You would be just as well off making computeWidth const/pure/readonly/whatever
The compiler can even detect if it modifies anything and mark it for you. In fact, better compilers will compute mod/ref information and know that m_cachedWidth is not touched over that call.
However, LLVM's (which is what at least Apple is using) basic stateless alias analysis is not good enough to do this in this kind of case (there are some exceptions where it might be able to, none apply here)
This is actually a great example of how improving pointer and alias analysis in a compiler buys you gains, and not an example of "how you should modify your code", since you generally should not modify your code to work around temporary single-compiler deficiencies without very good reason.
Especially considering how quickly compiler releases are pushed by Apple/et al.
Even if it is not, I still think this is an example of "how you should modify your code". Reason? Doing
temp = foo();
temp *= bar();
m_member = temp;
keeps your state consistent in case bar() throws. I would even use it if bar() is known not to throw, because you can't know what the future will bring, and because what you 'know' sometimes isn't true. Defensive programming, if easy as in this case, is a net benefit.Some comments: The compiler does not do magic. If you call a virtual function or call an address from an other library, there is simply no way for the compiler to know the side effects at compile time.
The keyword "const" does not help the compiler to optimize this kind of code. Const is mostly a tool for developers, you can ignore it with mutable, const_cast, etc.
In many cases, the kind of code of the example will be optimized properly: -If the code is simple enough and all the functions are in the same compilation unit, Clang will figure out the dependencies and optimize it properly. -If the code is simple enough and the code is spread across several compilation units, Clang's link-time optimizer does an amazing job at finding dependencies.

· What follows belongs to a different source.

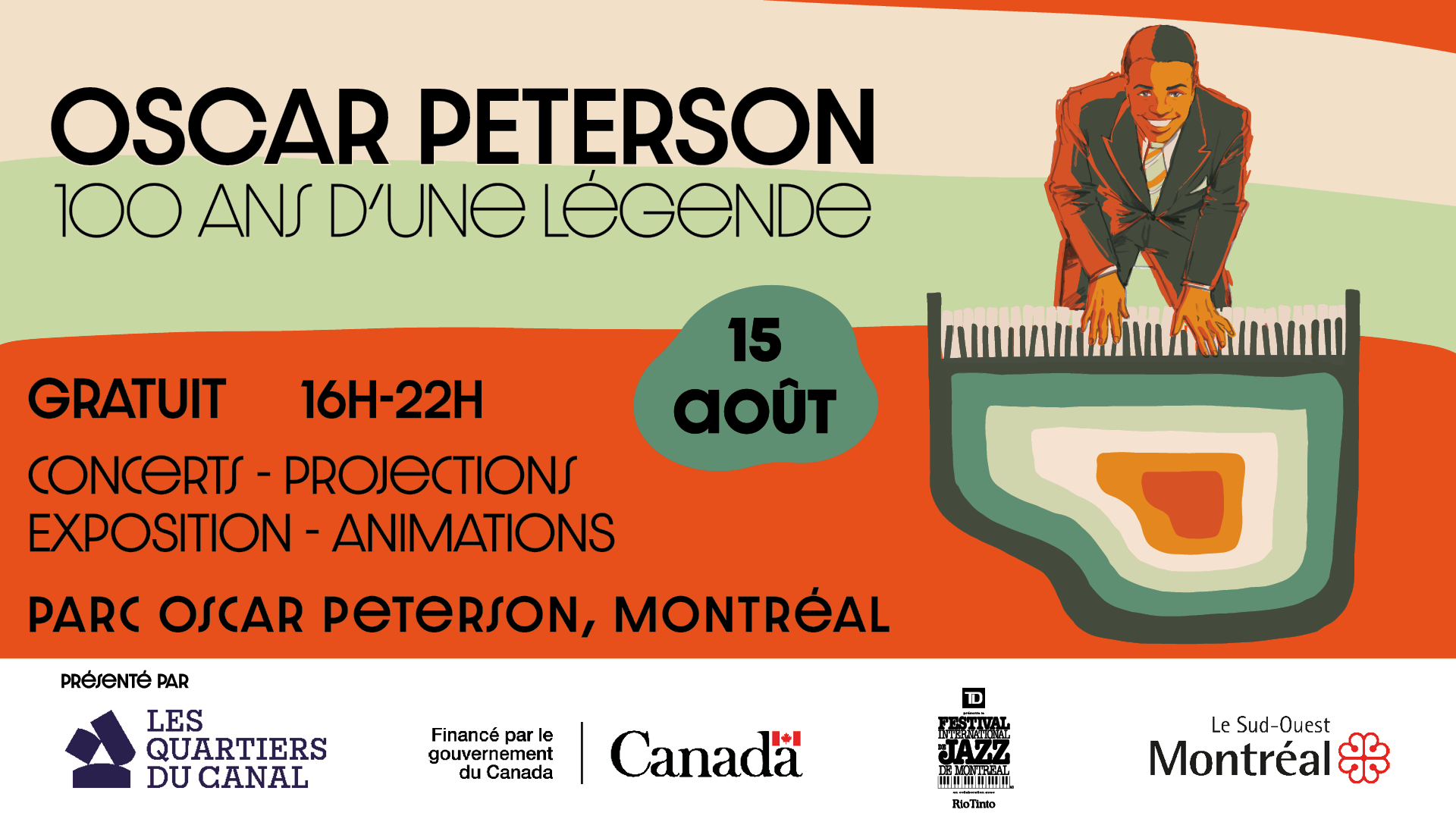 Célébrons Oscar Peterson - 100 ans d'une légende @ Parc Oscar Peterson (15 août)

The point of this example was more to illustrate a point about code clarity. We should not hesitate to make code more explicit, use extra temporary variables, etc. Those extra lines help both the other hackers and the compiler.
False. There are annotations on plenty of these libraries in header files, and you can determine virtual call side effects in plenty of cases through various forms of analysis.
"The keyword "const" does not help the compiler to optimize this kind of code. Const is mostly a tool for developers, you can ignore it with mutable, const_cast, etc."
Let's just say I understand what const and the various attributes I mentioned do, where they are useful, and how compilers use them. I disagree with your statement. Note that const where i mentioned it (IE computeWidth() const) would make the this pointer const, and const_casting that would not be legal, AFAIK.
Unless the member variable was marked as mutable, the compiler would know it is readonly.
"The point of this example was more to illustrate a point about code clarity. We should not hesitate to make code more explicit, use extra temporary variables, etc. Those extra lines help both the other hackers and the compiler."
This is not what was written in the article (though i'd agree with your statement about code clarity) , and as I showed, those extra lines do not help a good compiler.
C++ const has no effect on optimization, since it can be casted away.
And being aware of aliasing issues is a good idea in general; nothing the compiler does can fix this in the general case (e.g. if computeWidth() is located in an external shared library it's basically impossible for the compiler to determine that it can't modify m_cachedWidth)
What did that 6% binary size reduction buy them in startup time? 10ms? 300ms?
What about memory consumption after startup?
Did tests indicate that the memory locality had improved CPU performance in noticeable manner?
Nobody kept all the numbers and digging them backwards is more work than I have time for.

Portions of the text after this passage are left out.